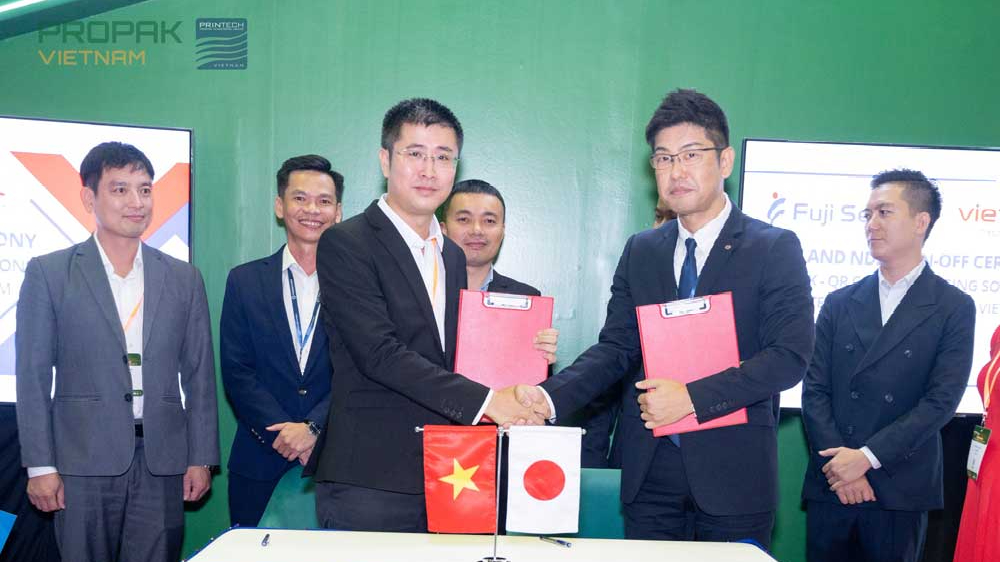 Viettel Telecom hợp tác với Fuji Seal cung cấp giải pháp QRCode vMark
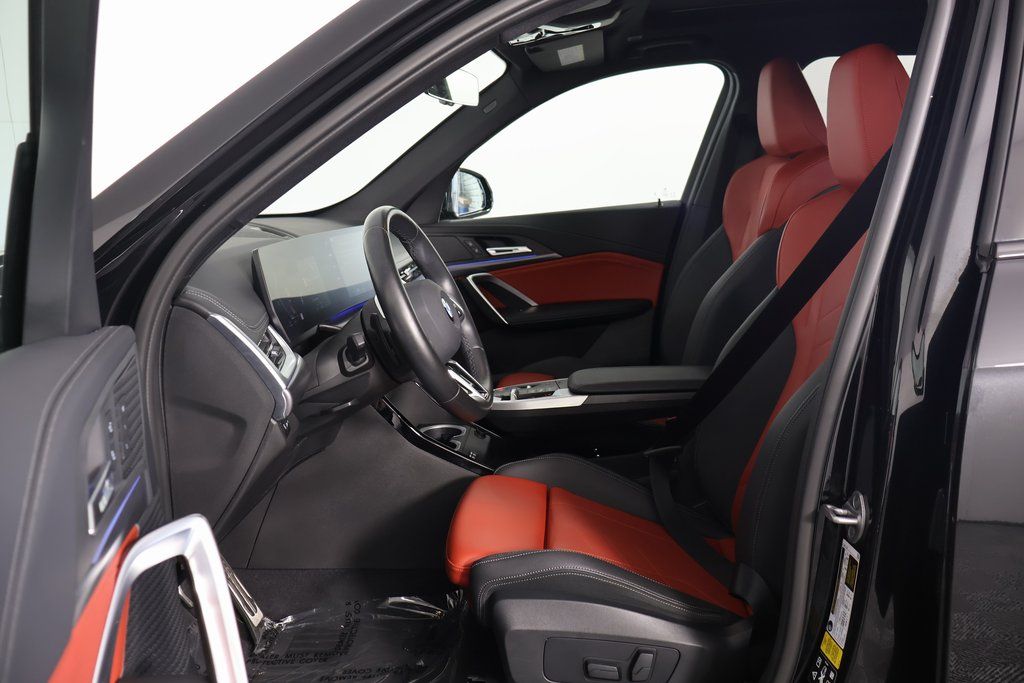 Thumbnail: 2023 BMW X1 - 10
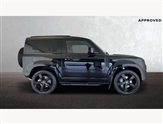 Land Rover Defender Image 5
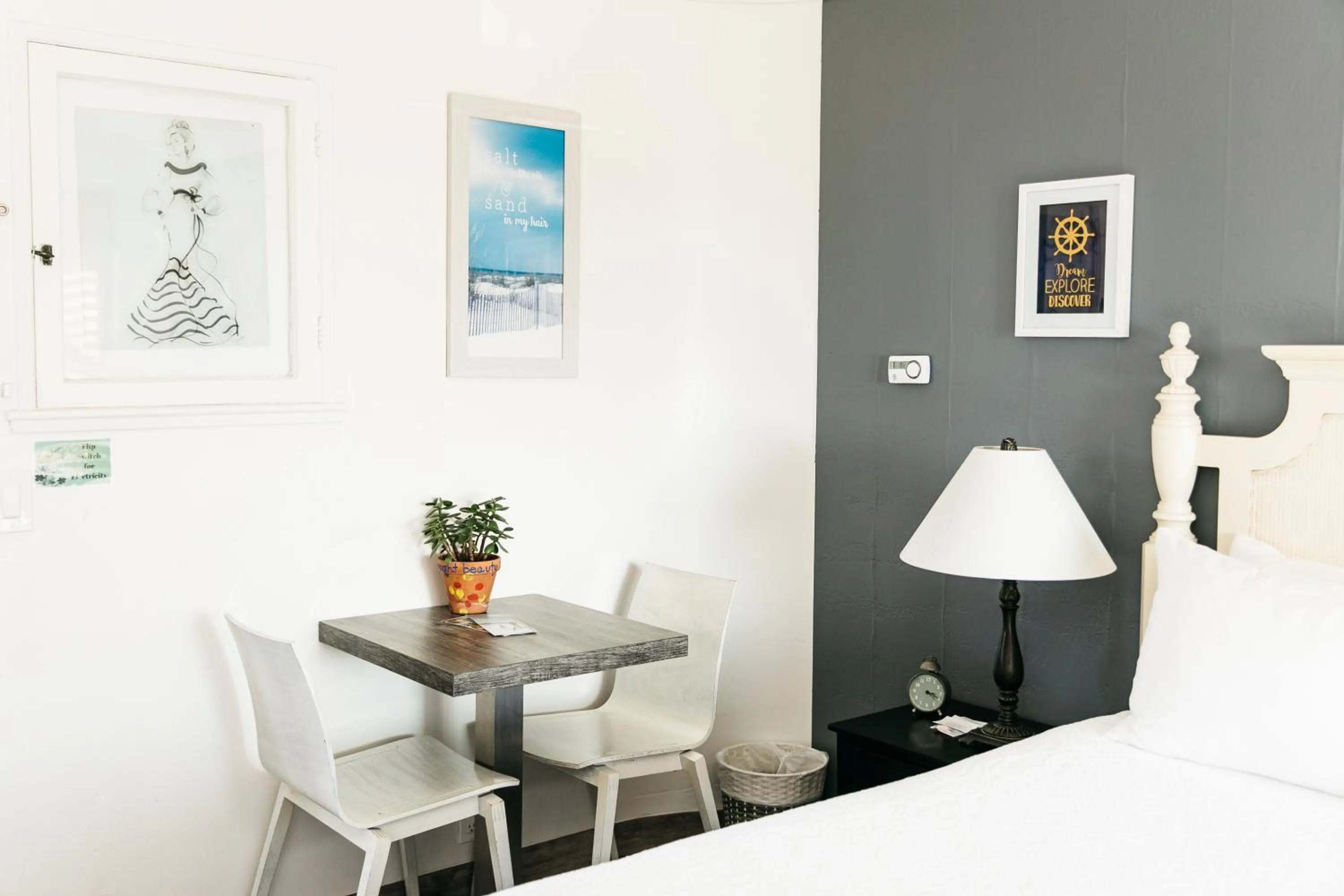 Seating area in Seaside Laguna Inn & Suites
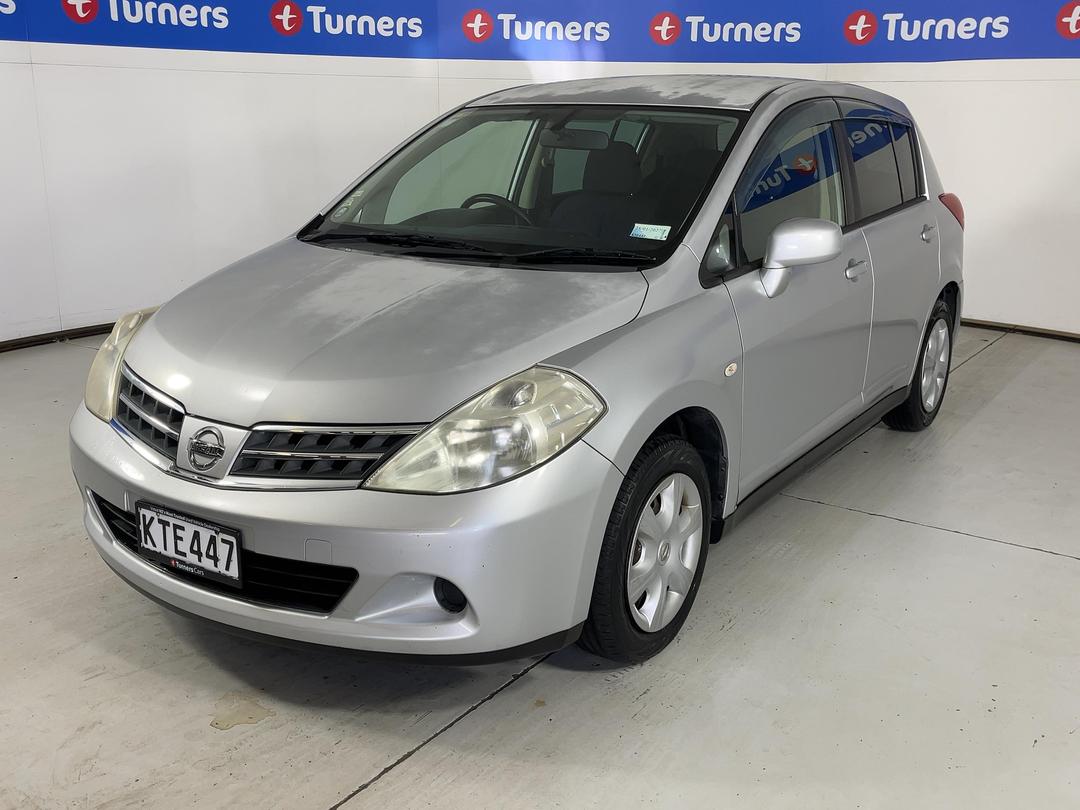 Photo '4' of Nissan Tiida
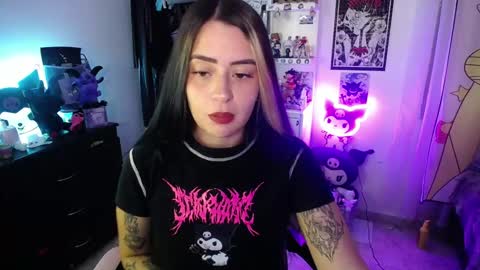 Snapshot of stephani_rousso chatting on 28, 10, 2025 joha cosmo online show from 28, 10, 2025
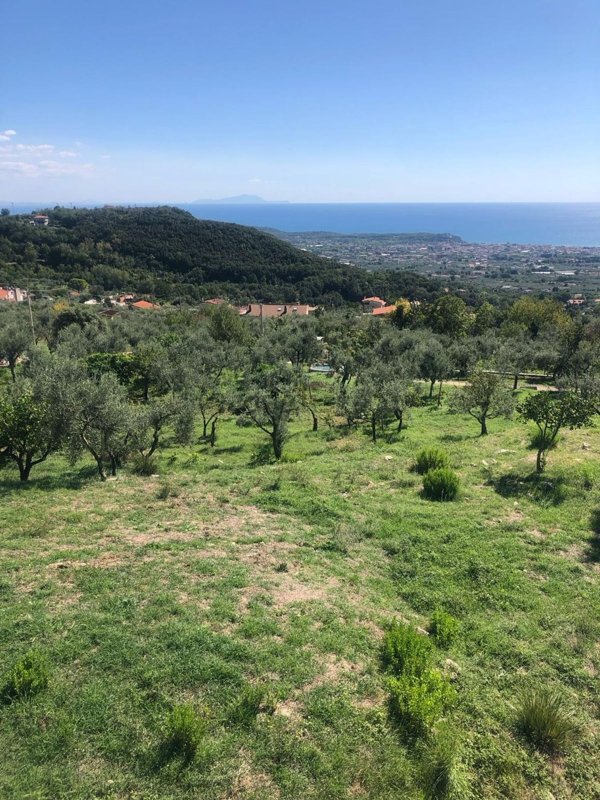 casa indipendente in vendita a Formia in zona Castellonorato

_ _ _

**WHAT YOU NEED TO DO:**
Copy each line above precisely, dropping the pictures.

**FINISHED EXERCISE:**
 Viettel Telecom hợp tác với Fuji Seal cung cấp giải pháp QRCode vMark
 Thumbnail: 2023 BMW X1 - 10
 Land Rover Defender Image 5
 Seating area in Seaside Laguna Inn & Suites
 Photo '4' of Nissan Tiida
 Snapshot of stephani_rousso chatting on 28, 10, 2025 joha cosmo online show from 28, 10, 2025
 casa indipendente in vendita a Formia in zona Castellonorato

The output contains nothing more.